12-03, 22:00–22:30 (UTC), General Track
To identify a production-ready, open-source OCR model capable of handling sensitive, non-English content with highly technical language, we evaluated the performance of available open-source OCR models in terms of accuracy, memory efficiency, and processing speed. This presentation will share our findings and key insights gained from this research
Medical data often comes in various formats, such as images and PDF scans. Using an OCR model to convert these documents into machine-readable text is a crucial first step in healthcare data analysis. However, due to the sensitive nature of this data, sending documents to be processed by a commercial OCR endpoint hosted on a third-party server is often prohibited by local privacy regulations.
This talk focuses on three open-source OCR models—Tesseract, EasyOCR, and PaddleOCR—after testing numerous models available on the market. The talk will have a deep dive of the models' architectures and will compare the precision, memory efficiency, and processing speed of these models when analyzing Japanese medical data. The presentation will also introduce the metrics developed to benchmark the models, discuss the types of documents where each model excels and falls short, and share strategies you can use to improve the results.

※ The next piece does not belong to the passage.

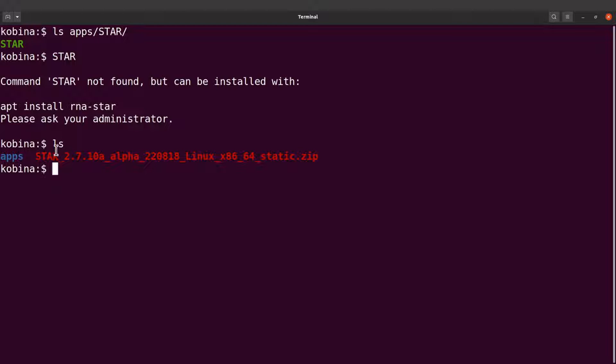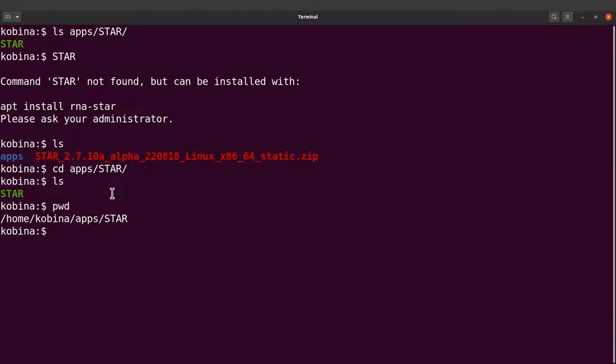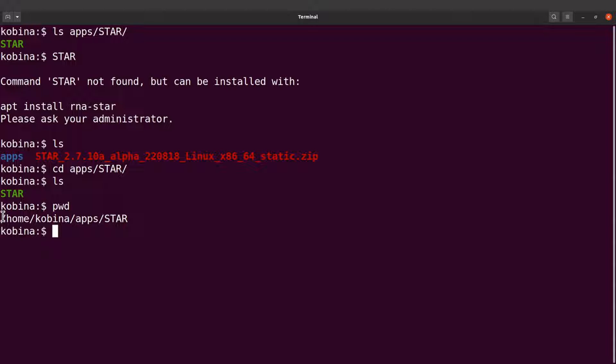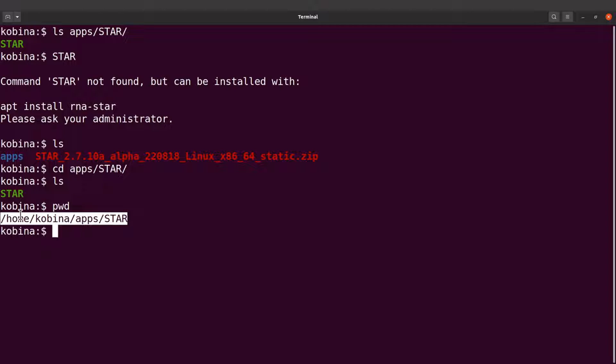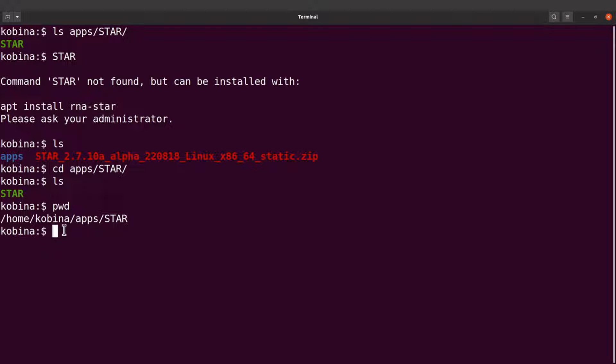That means we have to first get the path, the absolute path to the STAR file. So we have to CD into apps and then into STAR. Of course, if you do an ls, you'll find our file there. We are now going to issue the pwd command, so I'll say pwd, and then I'll get this absolute path. This is what I need. Yours is likely to be different, but make sure you have this and then you can copy it.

Note: All three models support a multitude of languages, so the insights from this talk can be applied to language requirements beyond Japanese.
No previous knowledge expected
Bing Wang is a Software Engineer at Flatiron, a healthcare company specializing in building big data databases for oncological research. She is passionate about developing data pipelines to enhance cancer care and is constantly exploring ways to further automate these processes.
Wang holds an M.S. in Computer Science from the University of Chicago, an M.Ed. in Developmental Psychology from Harvard, and a B.A. in Linguistics and Education from ECNU. Her interdisciplinary educational background blends social sciences and technology, fueling her interest in applying machine learning techniques to the analysis of human language.